Federated Prompt Learning for Weather Foundation Models on Devices
Shengchao Chen, Guodong Long, Tao Shen, Jing Jiang, Chengqi Zhang
TL;DR
This work tackles on-device weather forecasting under Federated Learning by addressing data heterogeneity across devices and data homogeneity within devices, while reducing communication load. It introduces FedPoD, a framework built on Adaptive Prompt Tuning and Dynamic Graph Modeling to personalize forecasts via lightweight prompts and server-side graph-based aggregation that prioritizes collaboration among geographically or distributionally similar clients. The approach yields state-of-the-art performance on real-world on-device weather datasets, with substantial parameter efficiency and privacy-preserving capabilities, as demonstrated through extensive ablations and analyses. The results suggest strong potential for scalable, privacy-conscious, on-device weather prediction, with future work aimed at long-horizon forecasting and broader spatiotemporal tasks.
Abstract
On-device intelligence for weather forecasting uses local deep learning models to analyze weather patterns without centralized cloud computing, holds significance for supporting human activates.
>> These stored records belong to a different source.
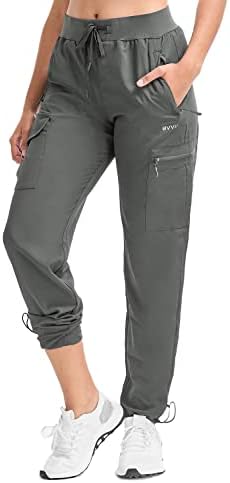 BVVU Women's Cargo Joggers Lightweight Quick Dry Hiking Pants Outdoor Waterproof Athletic Workout Pants with Zipper Pockets Grey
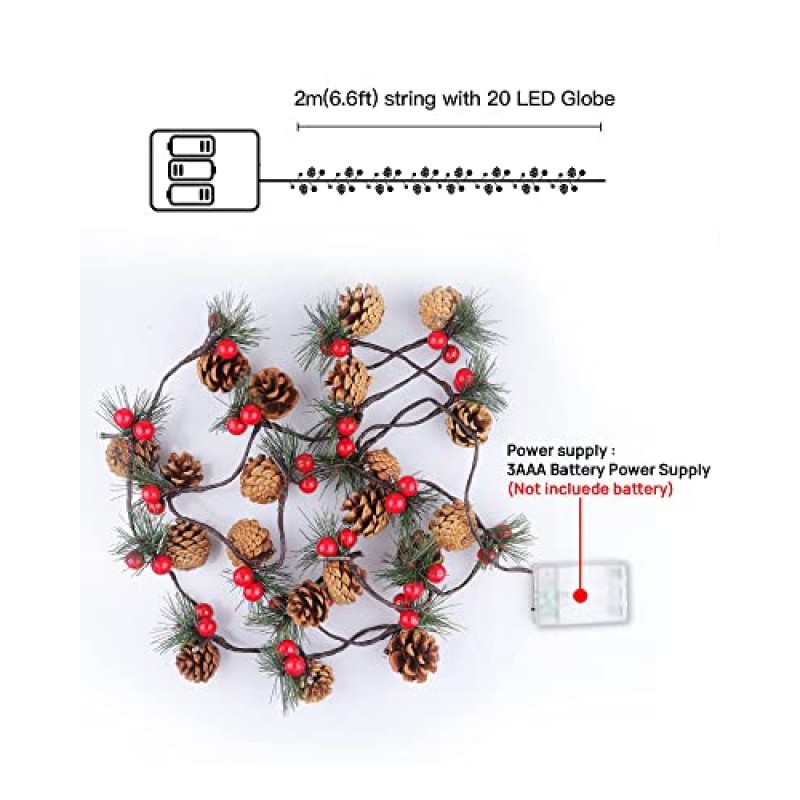 조명이 있는 크리스마스 화환, 배터리로 작동되는 크리스마스 조명, 종, 바늘, 솔방울, 붉은 열매, 나무용 크리스마스 화환, 벽난로, 실내 장식, 2m/6.6FT, 20 LED가 있는 끈 조명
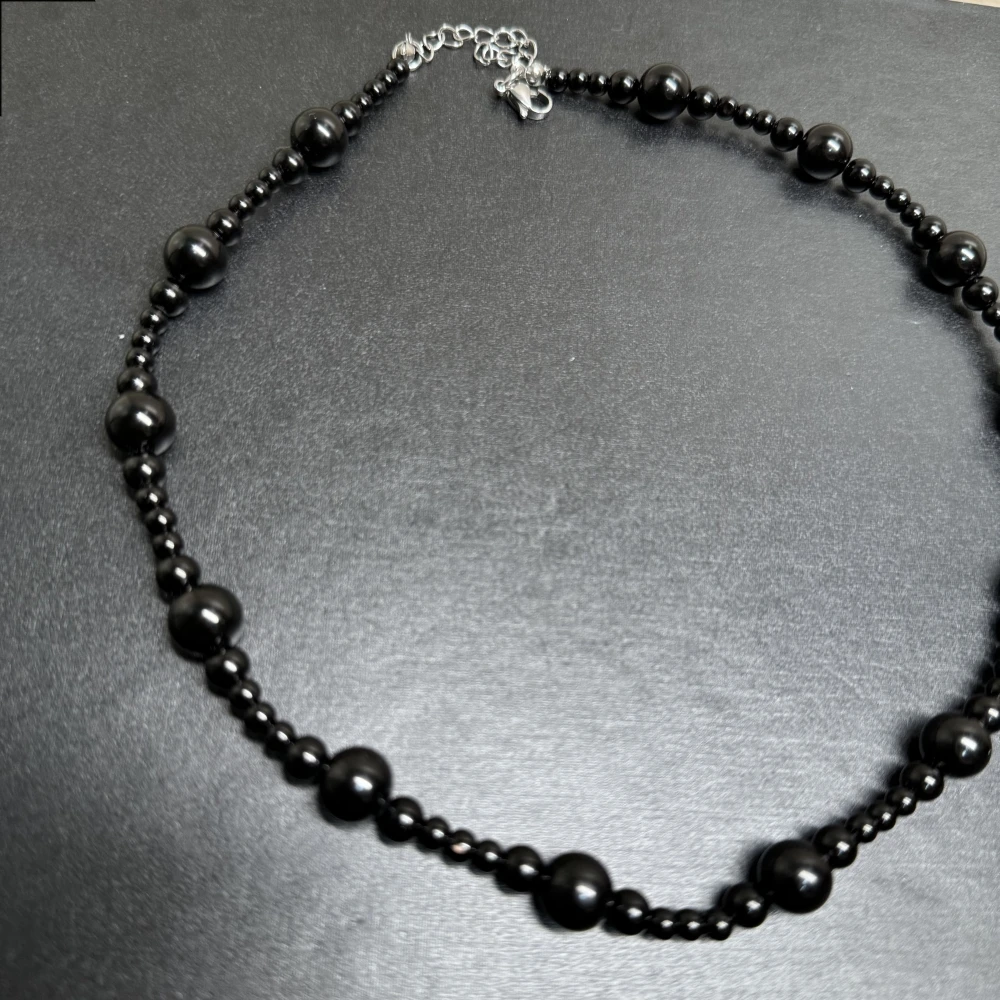 Ожерелье с черным ониксом в стиле хип-хоп и панк модное ожерелье до ключиц для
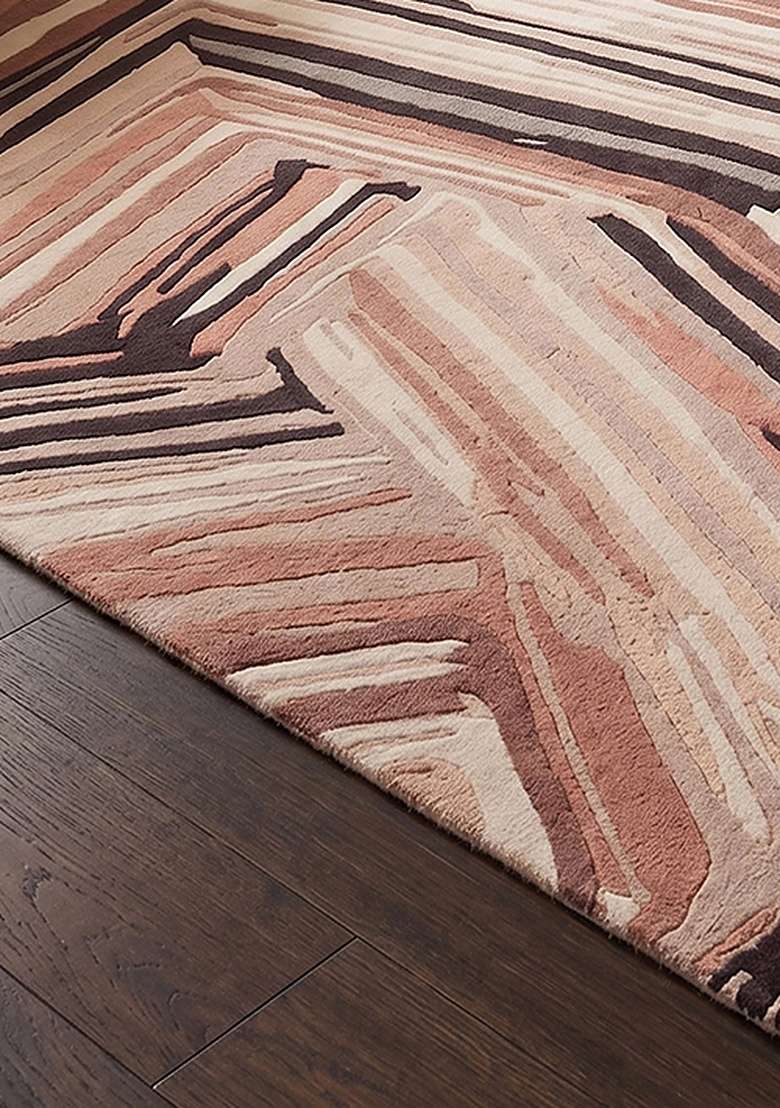 Saffron Rugs Hand-Tufted 100% Wool Area Rug | Dusty Rose Rectangular Rug | Cotton Backing | Eclectic Geometric Home Decor Carpet for Living Room Bedroom - Indya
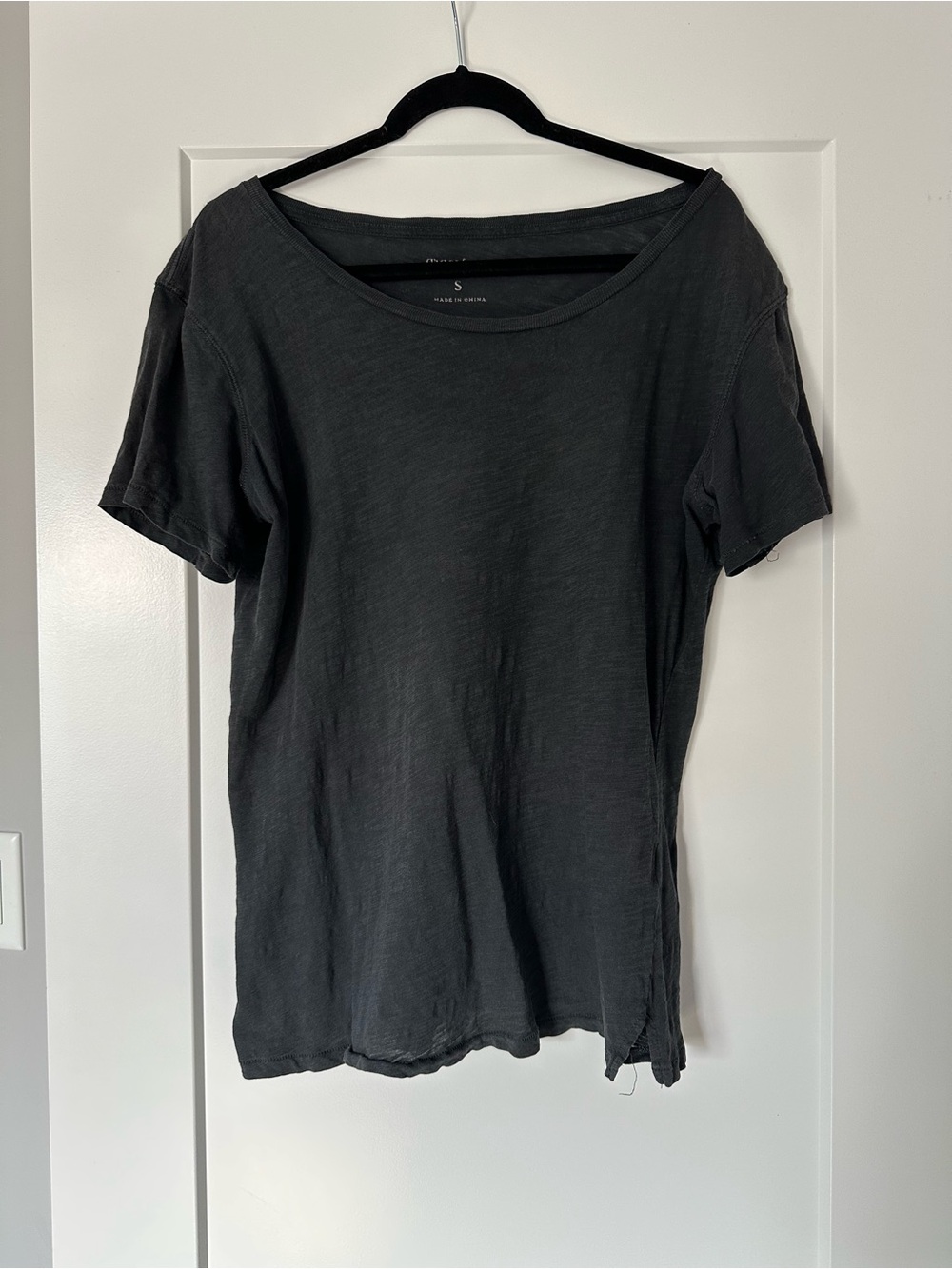 Grace & Lace Slub Short Sleeve Tee in Black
Federated Learning is a promising solution for such forecasting by enabling collaborative model training without sharing raw data. However, it faces three main challenges that hinder its reliability: (1) data heterogeneity among devices due to geographic differences; (2) data homogeneity within individual devices and (3) communication overload from sending large model parameters for collaboration. To address these challenges, this paper propose Federated Prompt Learning for Weather Foundation Models on Devices (FedPoD), which enables devices to obtain highly customized models while maintaining communication efficiency. Concretely, our Adaptive Prompt Tuning leverages lightweight prompts guide frozen foundation model to generate more precise predictions, also conducts prompt-based multi-level communication to encourage multi-source knowledge fusion and regulate optimization. Additionally, Dynamic Graph Modeling constructs graphs from prompts, prioritizing collaborative training among devices with similar data distributions to against heterogeneity. Extensive experiments demonstrates FedPoD leads the performance among state-of-the-art baselines across various setting in real-world on-device weather forecasting datasets.